Reproduce, exactly and in full, the lines from the one with "SDS Plus Drill" through the one with "Bessy Nail Art" in the data below; drop pictures.
[[ Records for this exercise, beginning ]]
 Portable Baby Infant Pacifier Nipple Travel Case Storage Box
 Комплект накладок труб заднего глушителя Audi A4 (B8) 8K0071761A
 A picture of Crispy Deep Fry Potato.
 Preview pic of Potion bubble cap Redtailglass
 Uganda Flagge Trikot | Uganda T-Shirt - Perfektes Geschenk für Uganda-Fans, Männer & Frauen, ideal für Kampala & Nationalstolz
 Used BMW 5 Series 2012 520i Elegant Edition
[[ Records for this exercise, end ]]
[[ Records for this exercise, beginning ]]
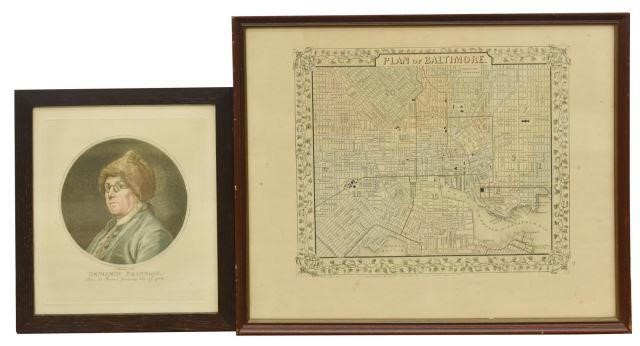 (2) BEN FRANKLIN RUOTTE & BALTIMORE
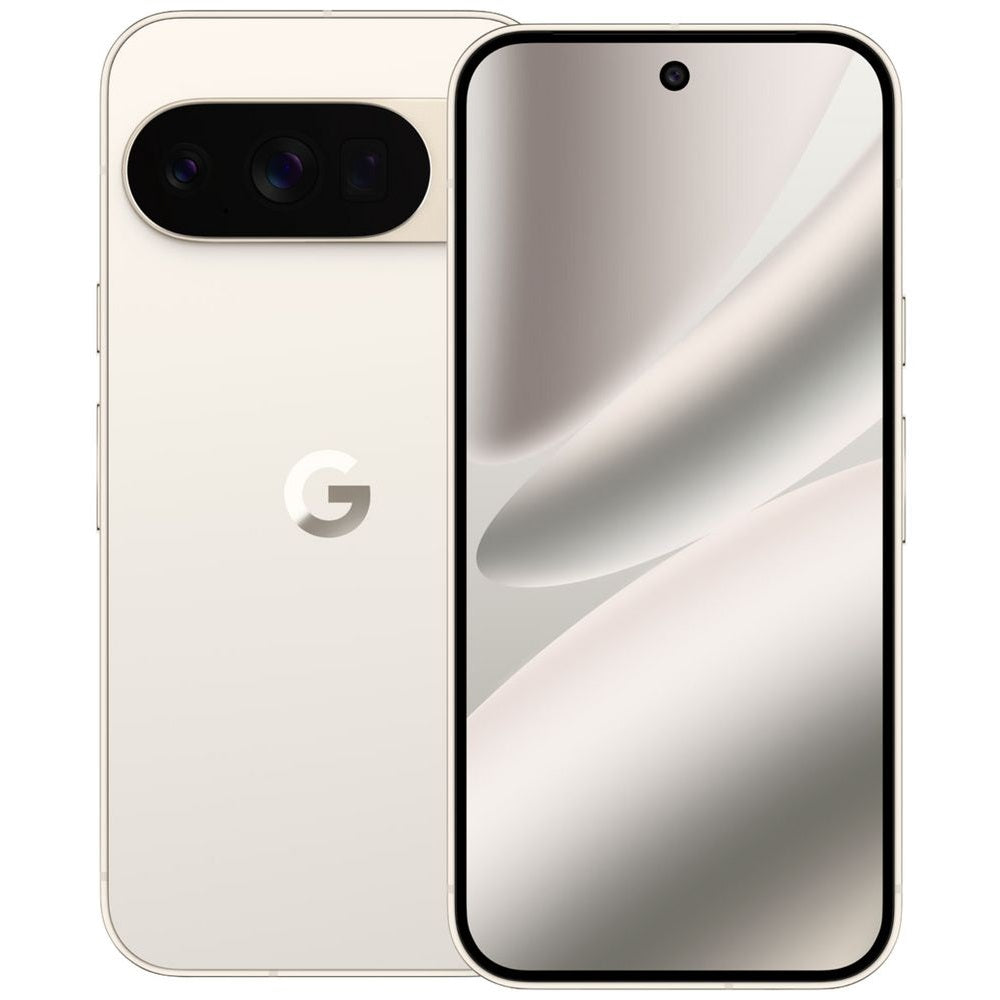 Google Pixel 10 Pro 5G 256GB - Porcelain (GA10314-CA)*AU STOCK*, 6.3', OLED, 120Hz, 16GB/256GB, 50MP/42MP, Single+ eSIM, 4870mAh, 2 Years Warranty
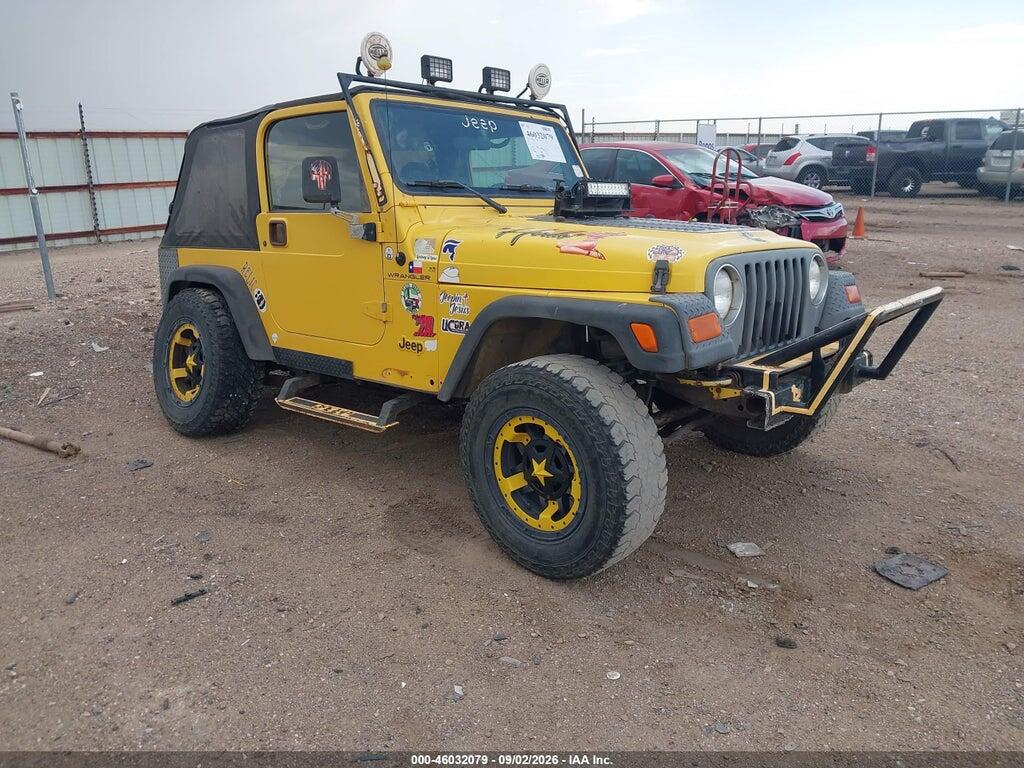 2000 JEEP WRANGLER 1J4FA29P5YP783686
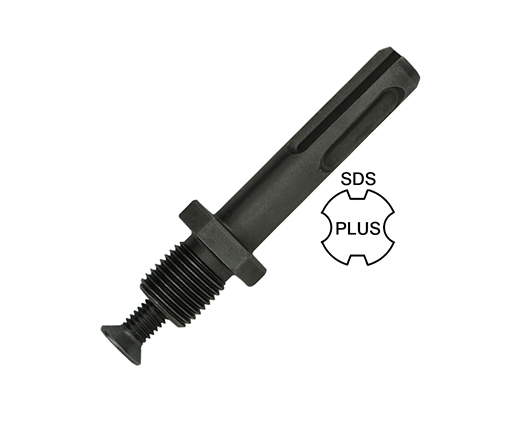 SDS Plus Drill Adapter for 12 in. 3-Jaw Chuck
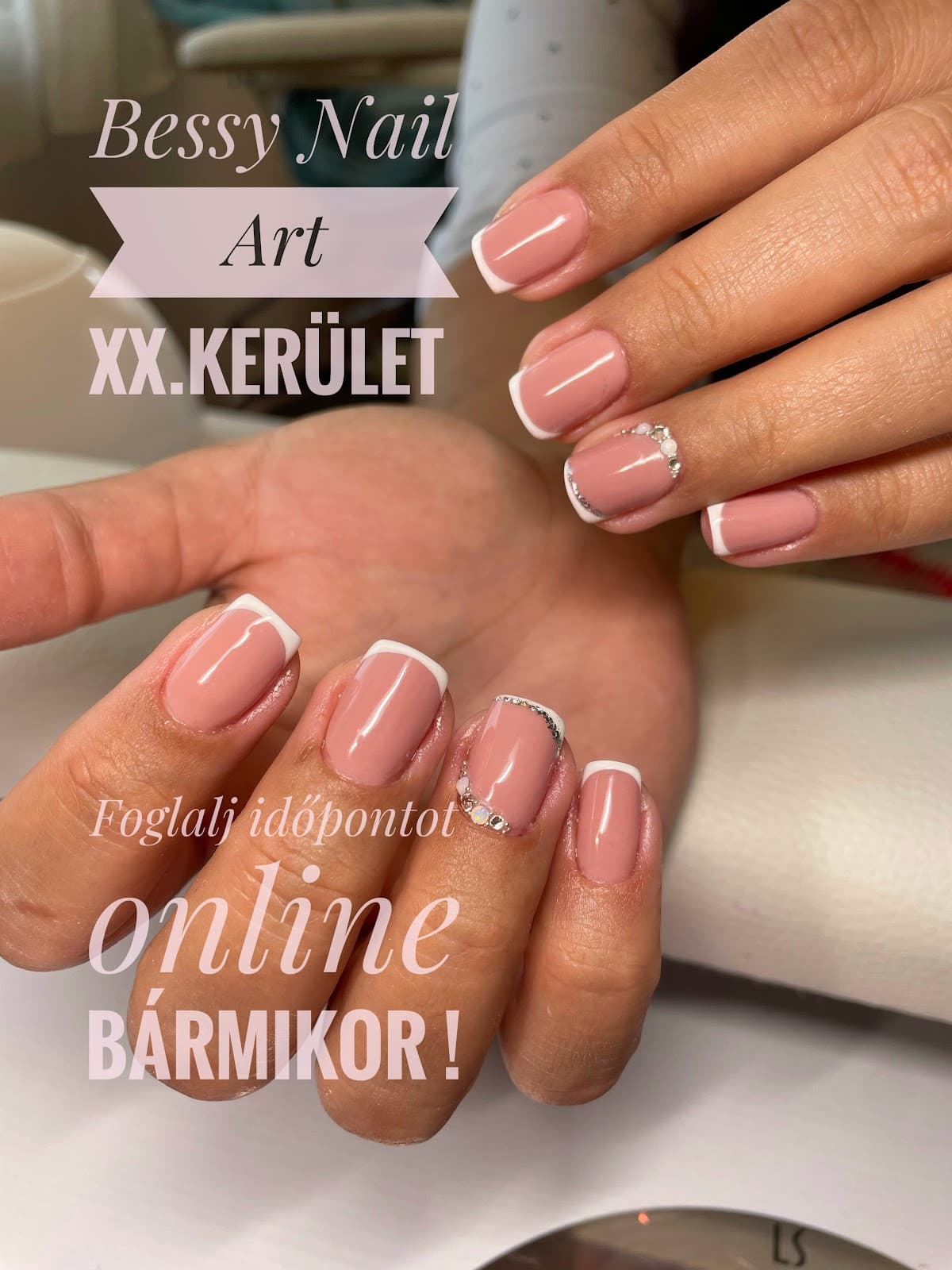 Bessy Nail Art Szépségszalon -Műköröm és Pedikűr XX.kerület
[[ Records for this exercise, end ]]
_Task result_.
 SDS Plus Drill Adapter for 12 in. 3-Jaw Chuck
 Bessy Nail Art Szépségszalon -Műköröm és Pedikűr XX.kerület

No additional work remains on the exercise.